Yesterday, I introduced joint variation and we were able to see a few examples of real life application of joint variation. We also saw some worked examples too. Basically, it was understood that a joint variation has to do with a quantity that changes value based on the value of two other variables. That is really the idea of naming it joint variation. To understand it further, we will look at some more solved examples of joint variation. Of course it is not something new. We will still follow the methods that was introduced in the previous presentation. Lets get into it proper.

Example 1

A truck travels on a highway such that the distance travelled by the car is directly proportional to the square of its speed and inversely proportional to its acceleration.
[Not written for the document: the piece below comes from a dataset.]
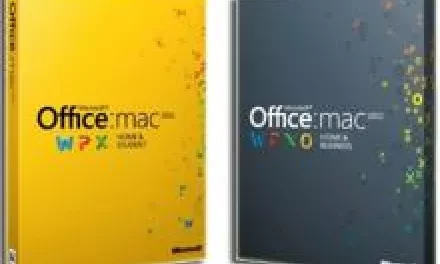 Microsoft Office 2011: více než jen Word, Excel a PowerPoint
If the distance travelled is 8m and the speed is 6km/h and the acceleration is 9km/h, find the following:

(i) the distance travelled if the speed is 3km/h and acceleration is 2km/h
(ii) the speed if it travelled a distance of 24m with an acceleration of 6km/h
Solution

(First step: We need to find the relationship between the quantities, and find the value of the constant.)

Let Distance D = 8
Speed S = 6
Acceleration A = 9

D ∝ S²/A
(Next step: Introducing the constant k)
D = S²k/A
(Use the initial values to solve for k)
8 = 6²k/9
8 = 36k/9
(Next step: Cross multiply to make k the subject)
36k = 8 x 9
36k = 72
k = 72/36
k = 2

Now lets solve for the unknowns
(i) the distance travelled if the speed is 3km/h and acceleration is 2km/h

D = S²k/A
D = 3²x2/2
D = 9 x 2/2
D =18/2
S = 9

(ii) the speed if it travelled a distance of 8m with an acceleration of 2km/h
D = S²k/A
24 = S²x2/2
(Cross multiply to make S the subject)
2S² = 25x2
2S² = 50
S² = 50/2
S² = 25
(Introduce square root on the right hand side to cancel the square)
S = √25
S = 5
(Collect like terms such that 2 turns to division as it crosses equality sign)

Example 2

If C varies directly as D and inversely as the square root of E. C = 300, when D = 65, E = 25. Solve for the value of C when D = 468 and E = 144.

Solution

(First step: We need to find the relationship between the quantities, and find the value of the constant.)

C ∝ D/√E
(Next step: Introducing the constant k)
C = Dk/√E
(Use the initial values to solve for k)
300 = 65k/√25
(Cross-multiply to make k the subject)
65k = 300x5
65k = 1500
(Collecting like terms and making 65 divide the other side of the equation, we have)
k = 1500/65
k = 23.07

Finding C when D = 468 and E = 144.
C = Dk/√E
C = 468x23/√144
C = 10764/7
C = 1537.7

Conclusion

We have seen examples of joint variation and how to solve them. Its really not too difficult at all if you find your constant and substitute other variables. In our next presentation, we will be looking at the other forms of variation and methods of solving the arithmetic involved.